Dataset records
◆ ◆ ◆ ◆ ◆ ◆ ◆

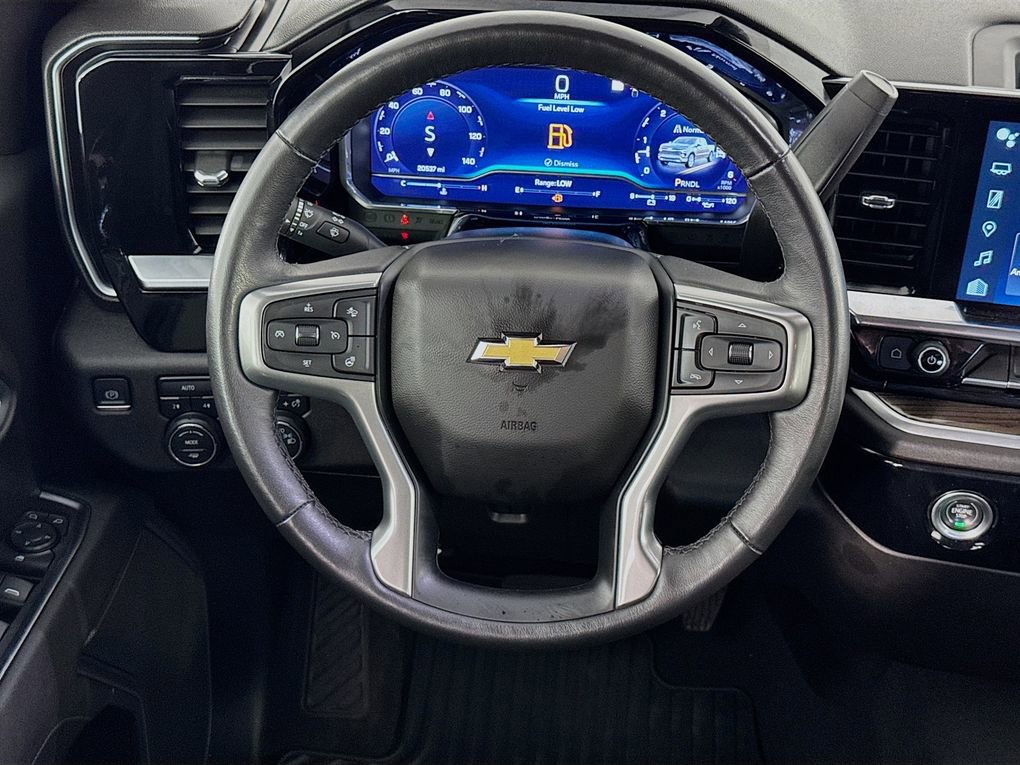 Used 2022 Chevrolet Silverado 1500 LT AWD/4WD image 35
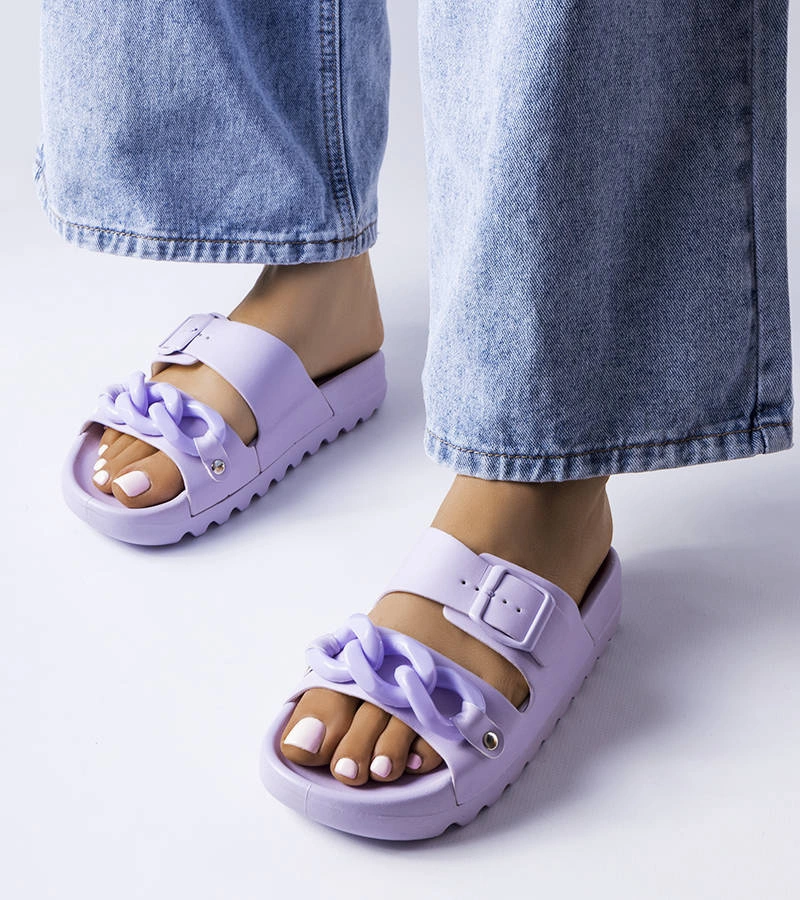 Fioletowe gumowe klapki ozdobione łańcuchem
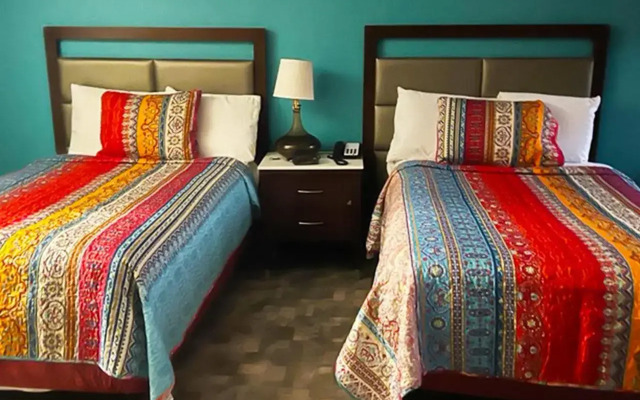 Philly Inn & Suites Hotel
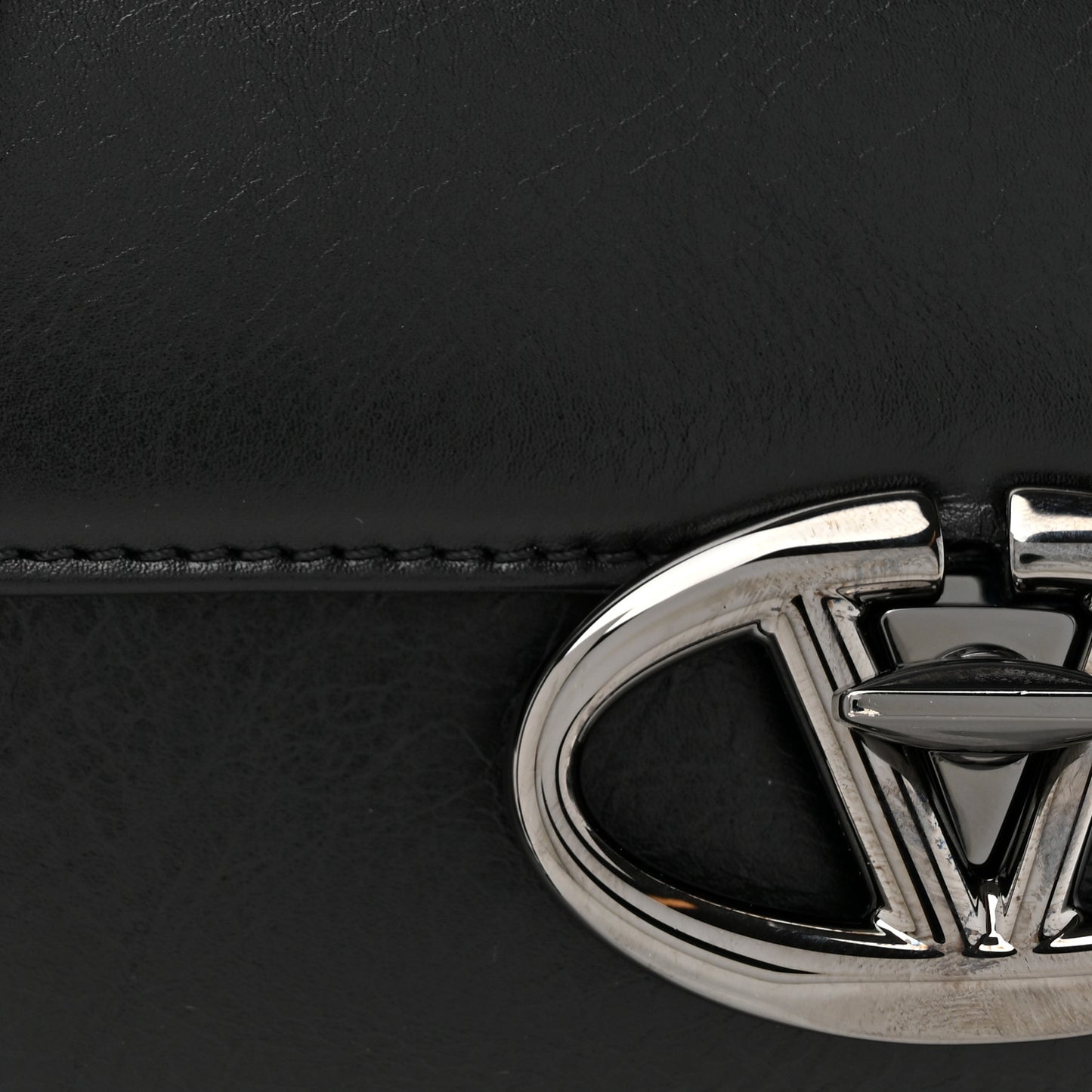 Crinkled Calfskin Vlogo Locker Shoulder Bag Black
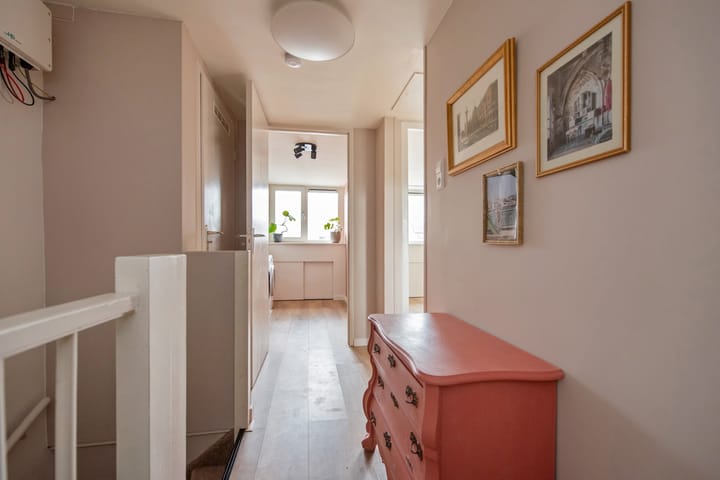 Foto 29 van Charlotteplaats 16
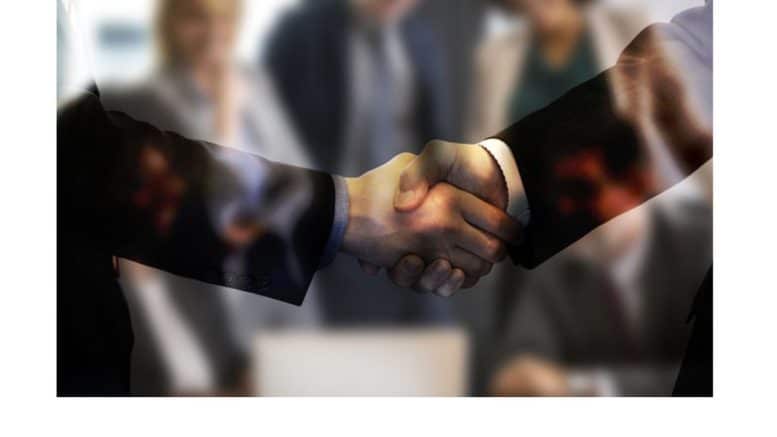 close-up on handshakeke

◆ ◆ ◆ ◆ ◆ ◆ ◆

Leaving out any pictures, write the records above out exactly as they are.

 Used 2022 Chevrolet Silverado 1500 LT AWD/4WD image 35
 Fioletowe gumowe klapki ozdobione łańcuchem
 Philly Inn & Suites Hotel
 Crinkled Calfskin Vlogo Locker Shoulder Bag Black
 Foto 29 van Charlotteplaats 16
 close-up on handshakeke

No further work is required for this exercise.